The Big Healey
The Austin Healey 100 was the first 100-m.p.h. car the common man could afford. The price was $850 or about $1600.00 at today's exchange rate.
The first car was shown in London in 1952. As thousands of enthusiasts fought for a glimpse of this pale blue masterpiece, police erected crush barriers to protect the car.
The designer, Donald Healey of Healey Motor Company, planned to make five cars per week in his converted aircraft hangar. It became obvious that much more production capacity was needed and he formed a partnership with Britain's largest car maker, British Motor Corporation. It used well-known components from Austin, one of the companies that made up BMC. 200 units per week were produced and were sold through the Austin sales network. The name was known as Austin-Healey.
As the car evolved into a 3 liter, 6-cylinder engine with electric overdrive, and later to more sophisticated fittings like roll-up windows and rear jump seats, it kept its original body. After fifteen years and more than 70,000 unites the last Austin Healey 3000 looked almost exactly like the original Healey 100.
The bodies of the car were constructed of alloy for the center shrouds with steel doors and fenders. These created rust traps that still plague the cars today. The original car, designated a BN1, had 4 cylinders with displacement of 2600cc that produced 90bhp.

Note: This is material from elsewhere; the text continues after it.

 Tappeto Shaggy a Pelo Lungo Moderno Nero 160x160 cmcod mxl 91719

In 1956, the cylinder 100-Six (BN4) was introduced having a displacement of 2639cc and producing 102 bhp. This was no great improvement in performance, but it was much smoother, which it generally made it more restful to drive.

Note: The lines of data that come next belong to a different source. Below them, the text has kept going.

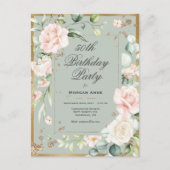 50th Birthday Sage Green Gold Waterverf Uitnodiging Briefkaart (Voorkant)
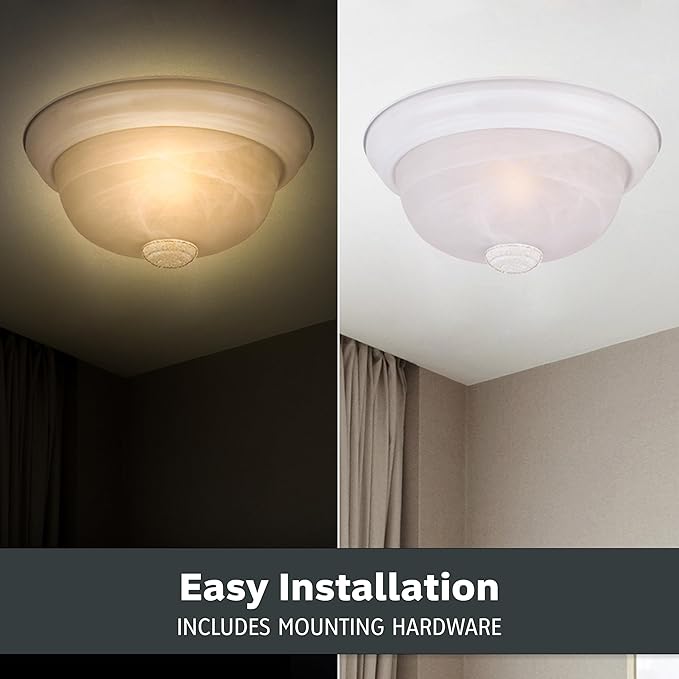 DESIGNERS FOUNTAIN Reedley 2-Lights Flush Mount Ceiling Light, 13 Inch Lighting Fixture for Kitchen, Bedroom, Bathroom, and Hallway, White Alabaster Glass, White, 1257M-WH-AL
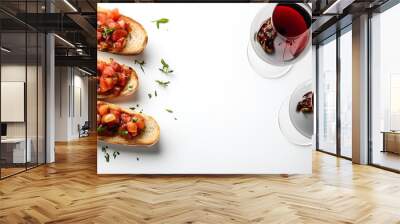 Tasty bruschetta served with wine on white background Wall mural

Austin Healey introduced the 2912cc engine in 1959 to take advantage of the three-liter international competition class. It produced 124 bhp and was designated BN7 and BT7 for the four-seat version. This car was popularly known as the Mark I in order to distinguish it from the later cars.

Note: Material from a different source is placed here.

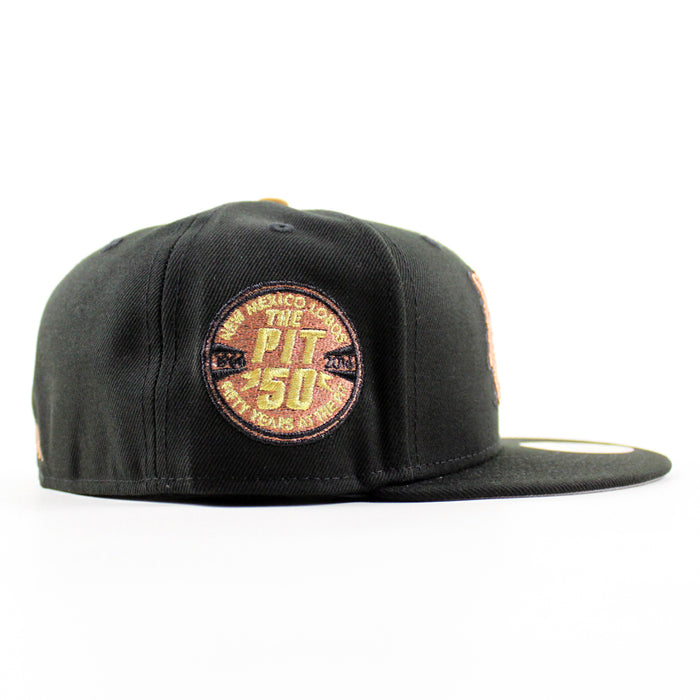 University of New Mexico Lobos the Pit 50th New Era 59Fifty Fitted Hat (Black with Brown Gray Under Brim)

The Mark II was developed in 1961 with three SU carburetors. This increased the BHP to 131. Over the next few years there were other changes, the most notable of which was the loss of one carburetor with only a 2 bhp decrease.
In March of 1964, the most luxurious and fastest of the non-racing Healeys was introduced. The new Mark III or BJ8 looked identical to its predecessor from the outside, but the inside was different. The power was increased to 150 bhp, while reducing the noise level. The interior was completely re-designed with a console sweeping down from the center of the polished wooden veneer dash. Roll-up windows were standard.
The last big Healey was produced in December of 1967. It fell victim to the U.S. Federal regulations.
Today, the big Healeys are sought after by both enthusiast and investors alike. The prices range from about $5000 for a non-running restorable car to in excess of $25,000 for a fully restored show car. Parts are readily available, and the technology is simple which makes this a very good project car as well as an investment.
This car can be as docile as a kitten in traffic or as wild as a tiger on the mountain roads - it will nevertheless continue to increase in value.